Study Finds Road Traffic Noise Increases Blood Pressure
Road traffic noise can be annoying, especially when trying to focus. And now it’s more infuriating to know that such noise increases blood pressure, too.
A new study published in the journal JACC: Advances evaluated the associations between long-term road traffic noise exposure and high blood pressure and found that the former affects the latter.
The research team used the common noise assessment method model and the Cox proportional hazard model for the study. They ascertained incident hypertension through linkage with medical records.
They collected data from the biomedical database U.K. Biobank, which houses the genetic and health information of around half a million U.K. participants. The researchers analyzed data from over 240,000 participants aged 40 to 69 who did not have hypertension at the start.
While looking at the follow-up data over a median of 8 years, the team found that 21,140 participants had incident primary hypertension. They then found a link between the incidence of the condition and road traffic noise. The scientists also noted that the incidence rate was also significant when air pollution was considered.
“Long-term exposure to road traffic noise was associated with increased incidence of primary hypertension, and the estimates were stronger in presence of higher air pollution,” they wrote.
Previous studies reported a connection between traffic noise and a higher risk of high blood pressure. However, they failed to determine if the noise or the pollution caused the blood pressure to shoot up.
“We were a little surprised that the association between road traffic noise and hypertension was robust even after adjustment for air pollution,” lead study author Jing Huang said, as per HealthDay.
Huang, an assistant professor in the School of Public Health at Peking University in Beijing, noted that it’s important to analyze the different effects of road traffic noise since people are exposed to it every day.
“Road traffic noise and traffic-related air pollution coexist around us. It is essential to explore the independent effects of road traffic noise, rather than the total environment,” she said.
“Because areas that are noisy tend to have a high level of air pollution as well, one question that arises is whether each are independently contributing to risk and this was indeed the case.

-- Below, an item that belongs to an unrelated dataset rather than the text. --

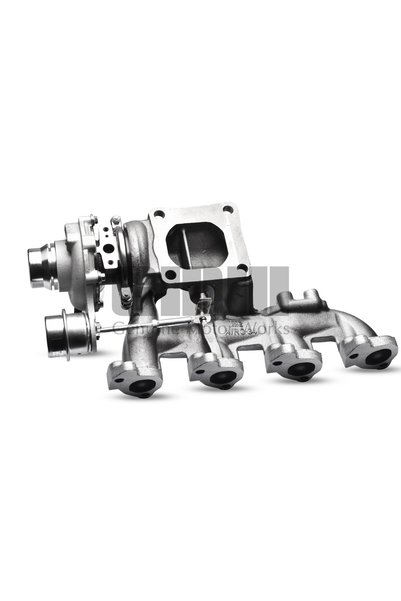 GMW FORD TRANSİT CONNECT TURBOŞARJ 90 PS MANİFOLDLU TB802419TR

Living in noisy and polluted zones amplified the risk of hypertension,” senior author Kazem Rahimi, a professor of cardiovascular medicine and population health at the University of Oxford, told CNN.
Since the study found that frequent exposure to both road noise and air pollution resulted in the highest risk of hypertension, something should be done to address the issue and improve the cardiovascular health of everyone, according to Dr. Jiandong Zhang, who wrote an editorial published alongside the study.
“The data demonstrated in this article provides a higher quality of evidence to justify the potential to modify road traffic noise and air pollution from both individual and societal levels in improving cardiovascular health,” the cardiology fellow at the University of North Carolina at Chapel Hill, said in a press release.
Based on the latest statistical data, hypertension affects nearly 50% of Americans aged 20 and above.